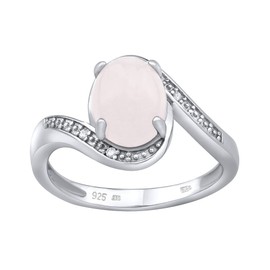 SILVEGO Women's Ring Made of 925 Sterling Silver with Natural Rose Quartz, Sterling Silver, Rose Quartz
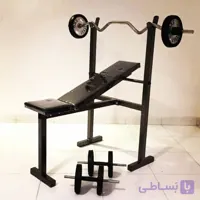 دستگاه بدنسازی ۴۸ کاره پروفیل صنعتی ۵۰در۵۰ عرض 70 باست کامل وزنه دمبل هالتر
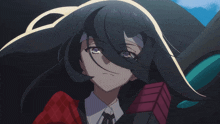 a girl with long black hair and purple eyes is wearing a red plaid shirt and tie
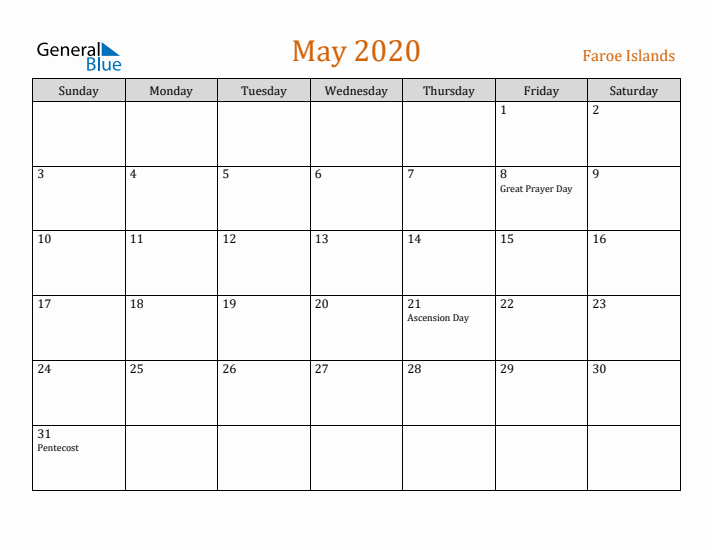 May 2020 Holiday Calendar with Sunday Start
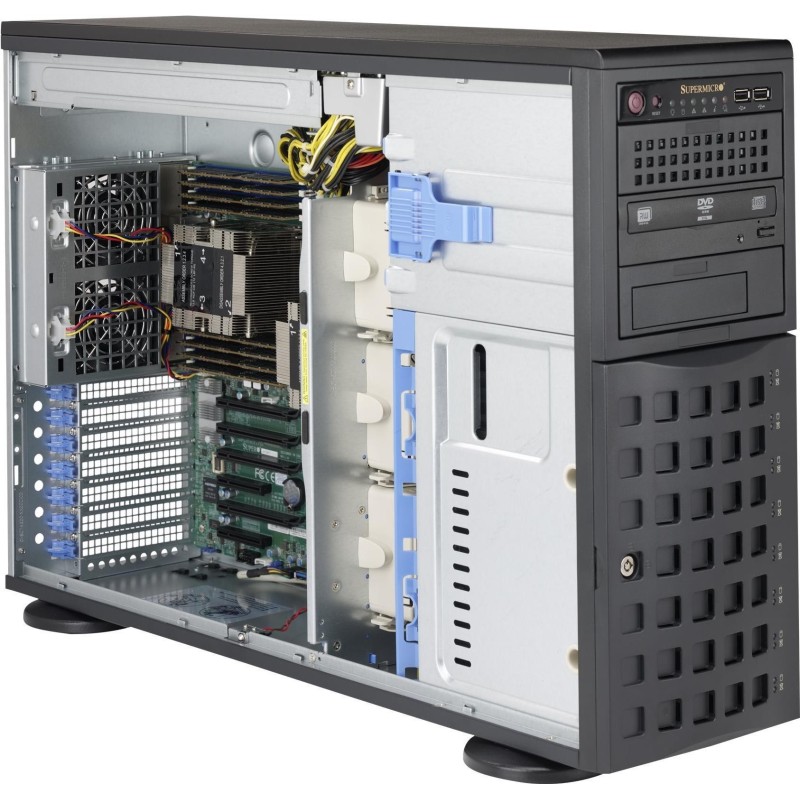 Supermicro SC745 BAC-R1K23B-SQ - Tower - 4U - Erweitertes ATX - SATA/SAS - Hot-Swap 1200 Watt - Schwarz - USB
++++++++
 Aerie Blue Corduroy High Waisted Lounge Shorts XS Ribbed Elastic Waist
++++++++
- Exercise prompt: Return the material from the line containing "دستگاه بدنسازی ۴۸" through the line containing "Supermicro SC745 BAC-R1K23B-SQ", exactly and in full, but without its pictures.

- Problem solution:
 دستگاه بدنسازی ۴۸ کاره پروفیل صنعتی ۵۰در۵۰ عرض 70 باست کامل وزنه دمبل هالتر
 a girl with long black hair and purple eyes is wearing a red plaid shirt and tie
 May 2020 Holiday Calendar with Sunday Start
 Supermicro SC745 BAC-R1K23B-SQ - Tower - 4U - Erweitertes ATX - SATA/SAS - Hot-Swap 1200 Watt - Schwarz - USB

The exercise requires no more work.